It was supposed to be a simple salt and burn. We have them every once in awhile. An old farmhouse, an old farmer, his permission to dig up Uncle Clary and burn the bones to stop the monthly flash fires so he could sell his land to a new housing development.

The old family cemetery was at the edge of a woods. The last burial was before the Titanic sank and Uncle Clary's was thirty years before that. Sam and I took turns digging and Farmer Clary the third kept us company with cider, fastnachts, and lovely conversation. He even paid for our gas. Life was good.

Today was Friday. Day three post-weird-Tuesday. Ground Hog Day Tuesday. Sam had recovered, or so he said. He didn't sleep as much as I wanted him to though, or eat enough, and I thought he was looking at me way more than even this handsome face called for. I figured he still had some "earned it" points though, though I hoped it wouldn't take him the next one hundred days to get past his last one hundred days. So I kept a closer eye on him and didn't say anything when I'd wake up in the middle of the night and find him staring at me in the semi-darkness.

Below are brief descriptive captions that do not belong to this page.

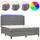 vidaXL Boxspringbett mit Matratze & LED Dunkelgrau 180x200 cm Stoff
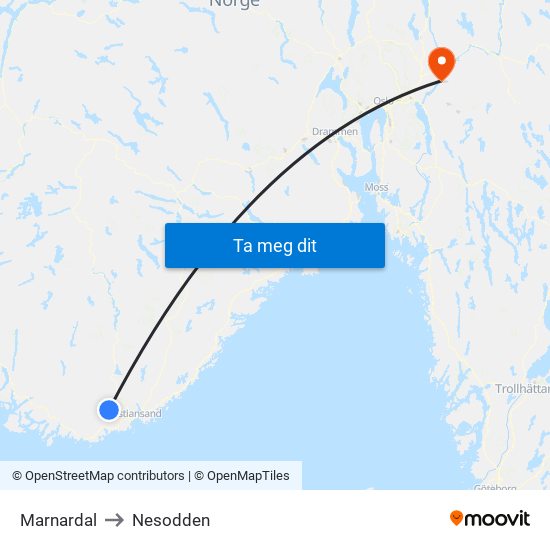 Marnardal to Nesodden map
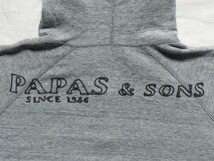 papas パパス papas＆sons　ヘンリーネックプルオーバーパーカー　papas＆sons刺繍　トレーナー_画像5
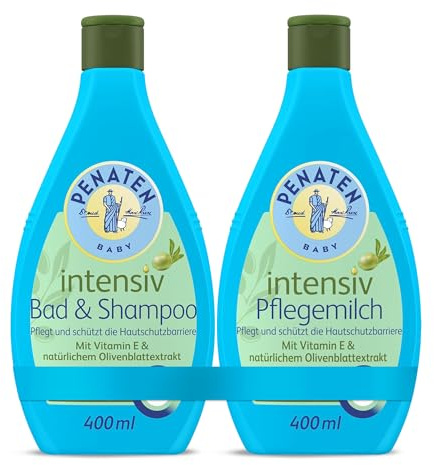 PENATEN Intensiv Pflege-Set – Baby Bad & Shampoo + Bodylotion (je 400 ml) – Sanfte Reinigung & 24h Feuchtigkeit mit Vitamin E & Olivenblattextrakt – Für trockene & sensible Babyhaut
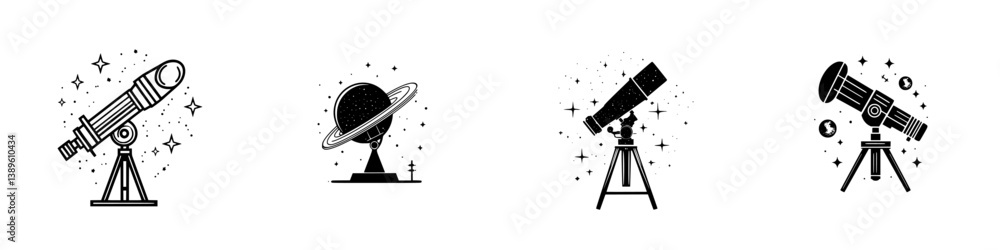 Poster set of minimalist line icons representing telescopes and planets for astronomical exploration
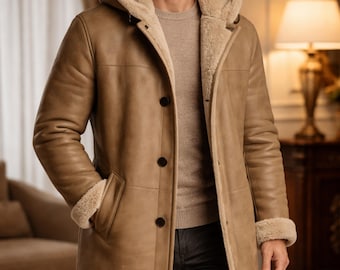 Men Beige Real Leather Hooded Long Coat Faux Fur Lined Faux Shearling Winter Jacket Premium Button Closure Overcoat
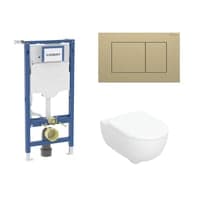 Geberit Duofix 112 cm toiletpakke inkl. Geberit Selnova vghngt + SoftClose toiletsde, Geberit Sigma40 square, messing
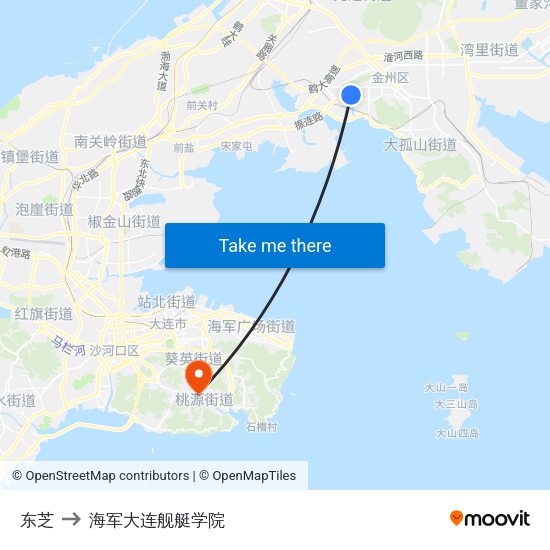 东芝 to 海军大连舰艇学院 map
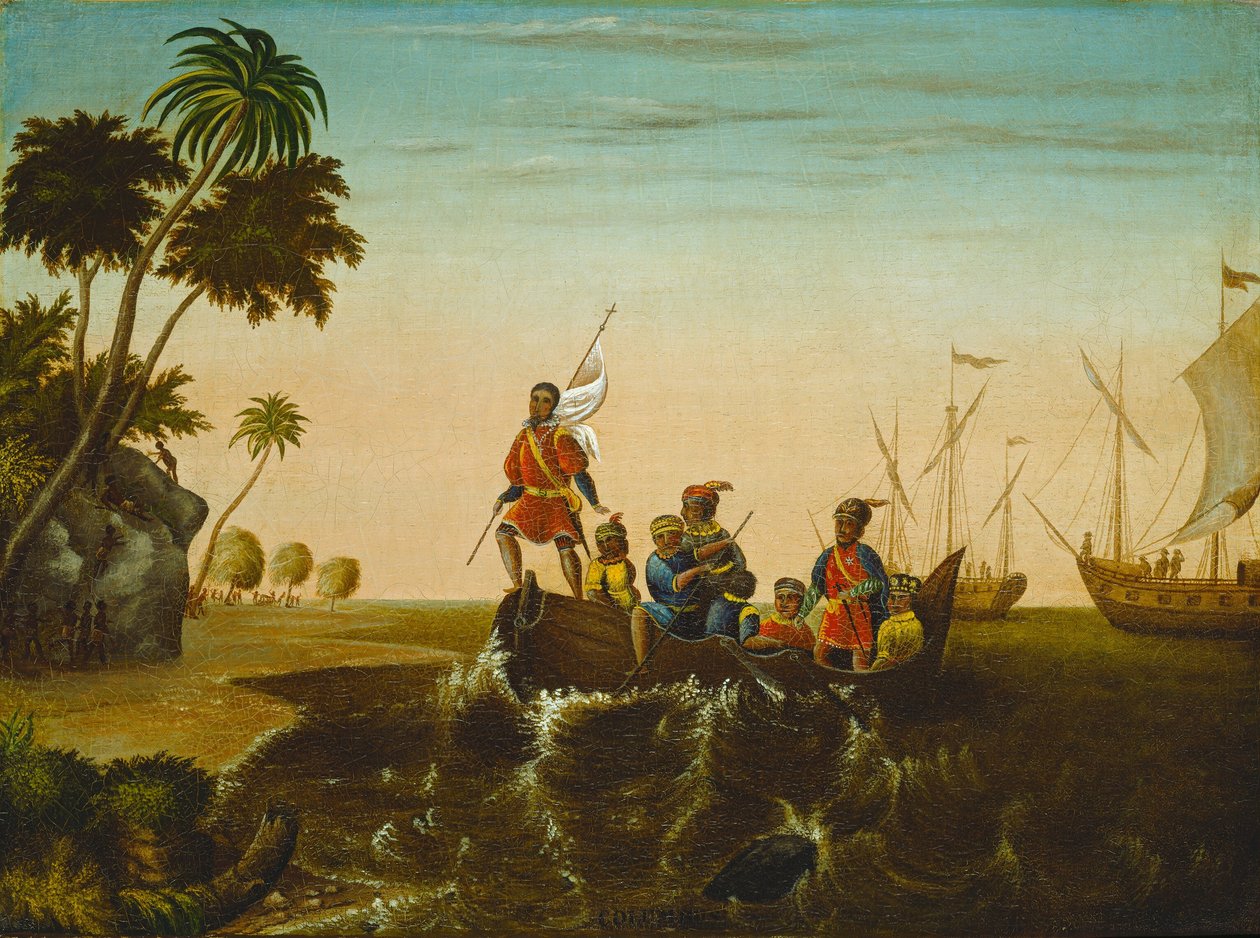 Lądowanie Kolumba, c. 1837. autorstwa Edward Hicks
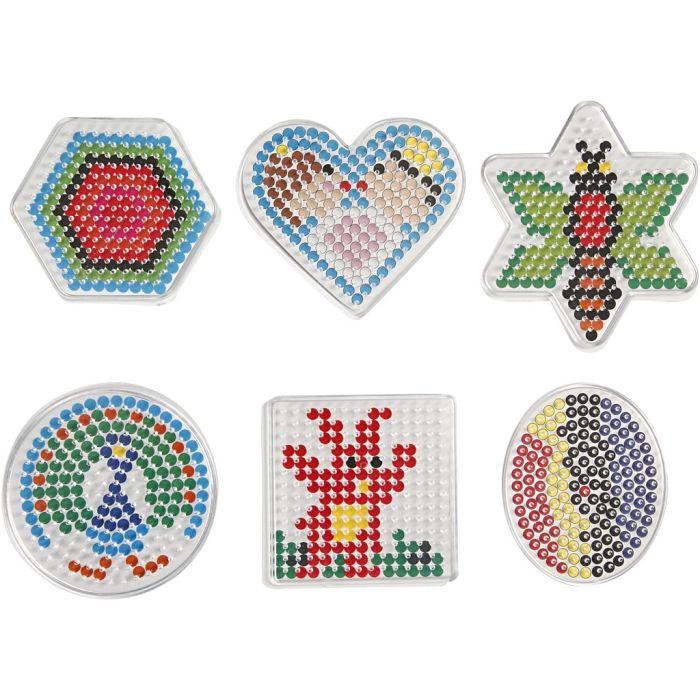 Plaque à picots, ovale, coeur, hexagone, cercle, carré et étoile, dim. 7x7,5-10,5x9,5 cm, medium, 6 pièces/ 1 Pq.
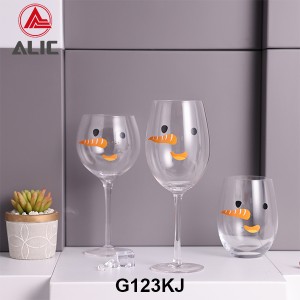 New Christmas style Hand Blown Stemless Wine Glass 350ml G123KJ-3 for gift and party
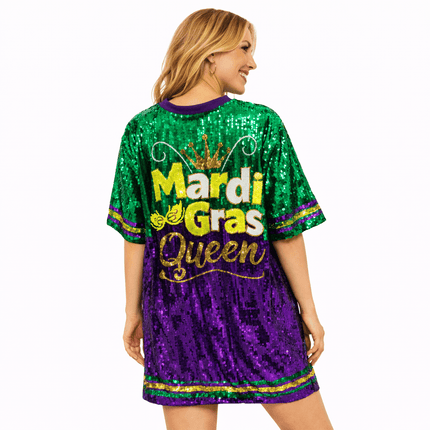 Mardi Gras Purple Mask Sequin Dress Lettered Party - Mardi Gras Apparel - Adult, apparel discount tier, Dress - Dress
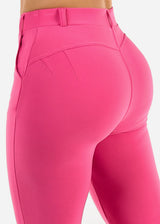 Butt Lift Stretchy High Waist Dressy Bootcut Pants Pink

So, Sam was in the grave and I was standing next to the farmer when a sound in the woods got my attention.

"Is that gunfire?" I asked him.

"Prob'ly. Local boys out hunting. Or target practice. They don't come this way."

So we kept at it. Finally Uncle Clary was unearthed and we doused him with salt and accelerant. As I pulled out the matches, Farmer Clary pulled off his cap, bowed his head and started praying. Sam bowed his head too and glared at me when I didn't, giving me his best 'would you just do it?' stare.

Whatever.

Pretty soon Uncle Clary was ash and memory and we filled in the grave again. Farmer Clary went back to his house to have the missus pack us a lunch to go. I was just finishing the last few shovelfuls and Sam was drinking some cider when I heard a ping, a crack, a thud and a smack.

"Hunh." Sam said, looking down at himself. He sounded confused and resigned.

"What?"

"Well -." A crimson rose bloomed on his sweaty t-shirt. "I think I've been shot."

"What?" I dropped my shovel and rushed over to him. I pulled his t-shirt up out of the way.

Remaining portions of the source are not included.